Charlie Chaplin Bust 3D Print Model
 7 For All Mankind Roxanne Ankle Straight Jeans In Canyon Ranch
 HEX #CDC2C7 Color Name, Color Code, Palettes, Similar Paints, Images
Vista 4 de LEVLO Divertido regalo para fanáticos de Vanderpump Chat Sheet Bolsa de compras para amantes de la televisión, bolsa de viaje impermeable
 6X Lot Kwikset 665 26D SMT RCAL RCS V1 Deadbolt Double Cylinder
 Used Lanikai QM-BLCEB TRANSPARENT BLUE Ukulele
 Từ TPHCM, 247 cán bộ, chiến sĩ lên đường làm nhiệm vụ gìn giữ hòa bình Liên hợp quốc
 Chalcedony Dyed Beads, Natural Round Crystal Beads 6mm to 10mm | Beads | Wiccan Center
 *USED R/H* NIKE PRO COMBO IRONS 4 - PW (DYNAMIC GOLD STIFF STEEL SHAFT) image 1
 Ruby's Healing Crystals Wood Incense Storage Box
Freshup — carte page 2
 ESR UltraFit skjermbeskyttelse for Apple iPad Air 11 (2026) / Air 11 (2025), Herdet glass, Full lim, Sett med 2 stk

::::::

§ Task brief: From the listing above, output exactly the run of lines that starts with the line containing "6X Lot Kwikset" and ends with the line containing "Freshup — carte page 2".

§ Answer to the problem:
 6X Lot Kwikset 665 26D SMT RCAL RCS V1 Deadbolt Double Cylinder
 Used Lanikai QM-BLCEB TRANSPARENT BLUE Ukulele
 Từ TPHCM, 247 cán bộ, chiến sĩ lên đường làm nhiệm vụ gìn giữ hòa bình Liên hợp quốc
 Chalcedony Dyed Beads, Natural Round Crystal Beads 6mm to 10mm | Beads | Wiccan Center
 *USED R/H* NIKE PRO COMBO IRONS 4 - PW (DYNAMIC GOLD STIFF STEEL SHAFT) image 1
 Ruby's Healing Crystals Wood Incense Storage Box
Freshup — carte page 2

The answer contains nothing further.